We think about the blacks as if they were our peers, as the Roman or Greek could have thought of the Gaul or Jew, their equal as a human being, who had become, though the fortunes of war, their slave. But a fact which must strike all minds, and which it is impossible for any serious friend of humanity not to take into account seriously, is the inequality which exists among the human races, and which makes the problem of social and political equilibrium so difficult. It is not only by the beauty of their features and the elegance of their figure that the Caucasians are distinguished from the other; it is also by the superiority of their physical, intellectual and moral strength/force. And that superiority of nature is multiplied tenfold by the state of society, so that no race stands before us. A few English regiments contain and govern one hundred and twenty million Indians, and we have just seen that a small army of Europeans was sufficient to conquer China. What comparison shall we make between the Anglo-Saxons and the Redskins, who let themselves die rather than be civilized, or the negro imported from Sudan? The races of the New World disappear before the progress of the whites: the massacres of the Spanish have been less deadly to them than contact with more civilized races. Will we forget, finally, that, since abolition of the feudal system, in our industrialist society liberty is, for individuals weak in body and mind, whose families do not assure them some income, something worse than slavery—the proletariat? Force requires it to be so, as long as it remains the dominant law of society; and I say that the right which still dominates us today, is not the right of labor, which is still not recognized, nor the right of intelligence, source of so many deceptions, it is still, whatever we say, the pure right of force.

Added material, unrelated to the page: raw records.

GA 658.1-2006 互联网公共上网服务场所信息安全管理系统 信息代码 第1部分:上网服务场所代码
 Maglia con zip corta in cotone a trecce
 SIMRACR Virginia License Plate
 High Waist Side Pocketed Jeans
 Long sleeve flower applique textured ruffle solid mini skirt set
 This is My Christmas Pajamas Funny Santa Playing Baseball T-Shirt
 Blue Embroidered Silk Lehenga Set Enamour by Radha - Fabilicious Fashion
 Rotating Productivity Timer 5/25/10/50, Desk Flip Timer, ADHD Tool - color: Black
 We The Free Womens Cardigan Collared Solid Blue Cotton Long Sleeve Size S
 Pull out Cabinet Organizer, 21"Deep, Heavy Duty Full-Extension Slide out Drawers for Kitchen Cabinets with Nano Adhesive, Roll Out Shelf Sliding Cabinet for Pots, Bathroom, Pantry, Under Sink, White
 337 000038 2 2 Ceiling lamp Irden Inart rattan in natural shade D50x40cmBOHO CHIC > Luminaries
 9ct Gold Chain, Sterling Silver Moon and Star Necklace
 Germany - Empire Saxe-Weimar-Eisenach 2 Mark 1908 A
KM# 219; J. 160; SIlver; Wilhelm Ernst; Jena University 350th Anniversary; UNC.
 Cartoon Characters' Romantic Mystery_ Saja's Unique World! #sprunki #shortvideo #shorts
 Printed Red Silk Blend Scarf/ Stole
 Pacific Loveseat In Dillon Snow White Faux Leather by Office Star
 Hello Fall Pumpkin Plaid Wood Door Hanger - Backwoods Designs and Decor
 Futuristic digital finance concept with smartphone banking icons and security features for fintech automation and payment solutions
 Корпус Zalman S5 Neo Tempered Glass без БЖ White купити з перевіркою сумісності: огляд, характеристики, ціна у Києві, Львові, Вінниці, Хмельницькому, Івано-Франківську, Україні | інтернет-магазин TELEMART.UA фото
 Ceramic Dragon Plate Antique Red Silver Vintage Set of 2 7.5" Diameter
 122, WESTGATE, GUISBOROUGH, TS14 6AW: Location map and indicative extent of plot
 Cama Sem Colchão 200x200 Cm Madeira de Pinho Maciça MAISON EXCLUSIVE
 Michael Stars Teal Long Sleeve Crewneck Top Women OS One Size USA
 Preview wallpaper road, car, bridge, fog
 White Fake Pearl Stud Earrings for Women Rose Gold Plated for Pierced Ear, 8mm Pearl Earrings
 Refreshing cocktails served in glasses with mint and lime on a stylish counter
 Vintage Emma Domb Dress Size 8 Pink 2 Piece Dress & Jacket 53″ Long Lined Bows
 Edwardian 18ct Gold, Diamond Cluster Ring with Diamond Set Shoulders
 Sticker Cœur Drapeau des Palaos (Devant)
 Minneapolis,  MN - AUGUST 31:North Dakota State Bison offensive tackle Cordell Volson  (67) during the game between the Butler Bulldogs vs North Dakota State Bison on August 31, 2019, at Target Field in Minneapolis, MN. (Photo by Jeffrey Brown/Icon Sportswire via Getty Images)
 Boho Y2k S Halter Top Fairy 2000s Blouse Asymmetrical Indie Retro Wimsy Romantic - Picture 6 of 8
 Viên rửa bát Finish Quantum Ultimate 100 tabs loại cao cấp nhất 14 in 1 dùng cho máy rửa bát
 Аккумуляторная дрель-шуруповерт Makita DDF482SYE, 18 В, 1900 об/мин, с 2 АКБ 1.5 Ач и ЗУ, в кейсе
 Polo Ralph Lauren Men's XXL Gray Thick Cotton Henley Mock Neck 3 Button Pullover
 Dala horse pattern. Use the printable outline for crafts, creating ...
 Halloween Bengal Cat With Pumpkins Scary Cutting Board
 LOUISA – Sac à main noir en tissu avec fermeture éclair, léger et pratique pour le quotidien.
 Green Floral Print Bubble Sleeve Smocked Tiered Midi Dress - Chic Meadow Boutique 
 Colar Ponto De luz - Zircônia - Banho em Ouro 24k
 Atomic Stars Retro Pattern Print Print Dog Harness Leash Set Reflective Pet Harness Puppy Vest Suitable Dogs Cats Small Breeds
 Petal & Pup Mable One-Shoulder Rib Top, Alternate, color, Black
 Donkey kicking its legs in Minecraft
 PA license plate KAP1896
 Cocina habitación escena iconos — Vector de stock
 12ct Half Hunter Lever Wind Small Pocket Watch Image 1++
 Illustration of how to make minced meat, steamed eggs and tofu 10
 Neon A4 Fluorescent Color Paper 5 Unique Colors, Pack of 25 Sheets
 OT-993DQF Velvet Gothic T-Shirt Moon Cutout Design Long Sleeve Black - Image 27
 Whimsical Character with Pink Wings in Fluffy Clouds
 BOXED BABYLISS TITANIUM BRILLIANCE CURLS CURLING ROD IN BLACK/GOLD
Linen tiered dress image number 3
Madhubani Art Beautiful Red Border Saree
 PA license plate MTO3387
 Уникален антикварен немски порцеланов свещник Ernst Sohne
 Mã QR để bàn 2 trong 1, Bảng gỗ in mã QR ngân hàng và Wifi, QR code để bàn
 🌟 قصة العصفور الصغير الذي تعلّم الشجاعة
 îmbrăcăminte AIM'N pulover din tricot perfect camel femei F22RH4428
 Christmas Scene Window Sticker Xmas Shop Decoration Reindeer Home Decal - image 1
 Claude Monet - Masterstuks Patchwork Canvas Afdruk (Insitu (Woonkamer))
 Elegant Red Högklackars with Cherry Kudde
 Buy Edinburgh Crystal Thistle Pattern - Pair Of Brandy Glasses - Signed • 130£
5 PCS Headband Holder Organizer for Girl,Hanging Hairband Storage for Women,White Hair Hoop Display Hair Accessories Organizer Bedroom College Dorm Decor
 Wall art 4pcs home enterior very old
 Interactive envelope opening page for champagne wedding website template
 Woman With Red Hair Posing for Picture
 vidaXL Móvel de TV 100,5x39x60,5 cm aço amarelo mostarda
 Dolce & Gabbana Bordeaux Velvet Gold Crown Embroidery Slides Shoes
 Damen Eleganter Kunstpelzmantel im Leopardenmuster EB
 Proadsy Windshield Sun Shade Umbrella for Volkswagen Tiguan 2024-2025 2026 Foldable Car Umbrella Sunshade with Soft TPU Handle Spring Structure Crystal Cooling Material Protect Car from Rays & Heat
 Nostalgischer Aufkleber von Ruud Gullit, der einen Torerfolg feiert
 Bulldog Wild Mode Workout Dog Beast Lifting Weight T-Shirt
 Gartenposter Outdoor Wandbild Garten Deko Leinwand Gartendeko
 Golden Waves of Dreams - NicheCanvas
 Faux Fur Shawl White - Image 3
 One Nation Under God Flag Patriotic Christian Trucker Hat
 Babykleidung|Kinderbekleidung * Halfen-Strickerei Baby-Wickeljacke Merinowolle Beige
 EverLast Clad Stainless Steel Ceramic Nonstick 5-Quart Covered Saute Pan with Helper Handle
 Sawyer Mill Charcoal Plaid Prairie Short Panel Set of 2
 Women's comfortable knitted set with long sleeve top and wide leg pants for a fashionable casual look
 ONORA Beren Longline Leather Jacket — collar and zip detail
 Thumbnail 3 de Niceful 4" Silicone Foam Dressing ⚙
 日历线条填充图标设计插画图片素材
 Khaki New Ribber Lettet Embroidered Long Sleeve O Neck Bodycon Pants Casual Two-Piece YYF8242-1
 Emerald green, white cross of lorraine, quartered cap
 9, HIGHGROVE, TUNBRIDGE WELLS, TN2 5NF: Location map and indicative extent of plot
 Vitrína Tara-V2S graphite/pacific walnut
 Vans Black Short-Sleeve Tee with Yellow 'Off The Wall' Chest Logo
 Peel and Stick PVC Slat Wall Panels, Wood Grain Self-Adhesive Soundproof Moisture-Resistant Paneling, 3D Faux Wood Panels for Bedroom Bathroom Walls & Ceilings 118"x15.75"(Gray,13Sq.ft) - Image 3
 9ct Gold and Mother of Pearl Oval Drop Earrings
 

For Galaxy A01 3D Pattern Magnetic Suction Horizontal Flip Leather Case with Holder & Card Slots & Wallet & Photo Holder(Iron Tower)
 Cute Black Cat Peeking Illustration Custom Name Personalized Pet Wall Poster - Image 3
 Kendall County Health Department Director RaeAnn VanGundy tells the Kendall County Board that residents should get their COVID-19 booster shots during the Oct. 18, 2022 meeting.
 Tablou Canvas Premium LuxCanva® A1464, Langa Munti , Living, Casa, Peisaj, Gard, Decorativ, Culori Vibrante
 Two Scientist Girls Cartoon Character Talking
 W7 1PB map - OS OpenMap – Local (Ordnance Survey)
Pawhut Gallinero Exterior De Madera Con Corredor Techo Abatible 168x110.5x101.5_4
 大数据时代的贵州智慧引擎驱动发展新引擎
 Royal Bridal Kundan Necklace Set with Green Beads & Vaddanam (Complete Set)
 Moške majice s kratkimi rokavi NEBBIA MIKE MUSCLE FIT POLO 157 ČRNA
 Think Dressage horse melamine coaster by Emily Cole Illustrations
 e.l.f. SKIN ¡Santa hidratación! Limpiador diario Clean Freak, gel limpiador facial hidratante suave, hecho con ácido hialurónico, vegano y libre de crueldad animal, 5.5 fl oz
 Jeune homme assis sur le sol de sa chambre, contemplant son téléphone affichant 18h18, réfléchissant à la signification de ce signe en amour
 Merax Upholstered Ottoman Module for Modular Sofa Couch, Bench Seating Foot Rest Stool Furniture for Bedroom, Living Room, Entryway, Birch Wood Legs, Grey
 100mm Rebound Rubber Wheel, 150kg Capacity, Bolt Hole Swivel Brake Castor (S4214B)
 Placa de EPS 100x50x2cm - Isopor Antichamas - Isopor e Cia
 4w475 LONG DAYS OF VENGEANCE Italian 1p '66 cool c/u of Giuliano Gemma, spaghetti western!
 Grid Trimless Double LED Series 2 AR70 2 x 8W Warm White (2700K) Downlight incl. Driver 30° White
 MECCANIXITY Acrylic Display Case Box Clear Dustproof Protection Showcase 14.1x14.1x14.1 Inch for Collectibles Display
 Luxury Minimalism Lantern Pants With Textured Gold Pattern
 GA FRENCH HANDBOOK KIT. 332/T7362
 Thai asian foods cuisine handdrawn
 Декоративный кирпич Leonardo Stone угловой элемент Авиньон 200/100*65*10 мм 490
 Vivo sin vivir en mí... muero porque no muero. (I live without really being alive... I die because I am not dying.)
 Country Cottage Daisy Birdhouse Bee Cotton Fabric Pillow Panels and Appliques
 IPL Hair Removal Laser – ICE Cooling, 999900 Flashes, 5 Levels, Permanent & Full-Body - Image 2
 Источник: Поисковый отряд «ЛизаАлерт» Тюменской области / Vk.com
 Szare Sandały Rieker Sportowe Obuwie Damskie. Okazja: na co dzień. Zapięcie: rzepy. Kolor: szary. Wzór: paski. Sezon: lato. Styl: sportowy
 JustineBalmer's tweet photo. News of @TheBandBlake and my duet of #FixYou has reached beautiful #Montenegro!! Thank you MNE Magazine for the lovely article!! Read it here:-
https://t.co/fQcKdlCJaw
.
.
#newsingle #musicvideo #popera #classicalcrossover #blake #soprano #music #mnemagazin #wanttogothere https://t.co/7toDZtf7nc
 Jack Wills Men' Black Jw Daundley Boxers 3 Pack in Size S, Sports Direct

Certainly, I have no intention of renouncing here my own thesis and combating precisely what I intend to rehabilitate, when I stand, in support of the blacks, against the hypocritical thought that, under pretext of emancipating them, tends to do nothing less than cast them under the pure regime of force, and to make of them a proletariat a hundred times more abject and revolting than that of our capitals. It is, on the contrary, because I want to restore to honor this right, misunderstood for so long, of force, that I protest, with regard to slavery, against the unintelligent, odious application that will be made of it. Well! The worker of the English race, la race forte par excellence, dies of hunger in the streets of London; what will be the fate of the negro, one day, in the streets of Washington and Baltimore?

The abolition of slavery is a question that springs from the right of peoples, let us say rather, from the right of the races, since here we must make the distinction marked by these two terms; it arises then primitively from the right of force, from which is derived, as we have seen, all international relations, all the formations of States, incorporations, centralizations and federations.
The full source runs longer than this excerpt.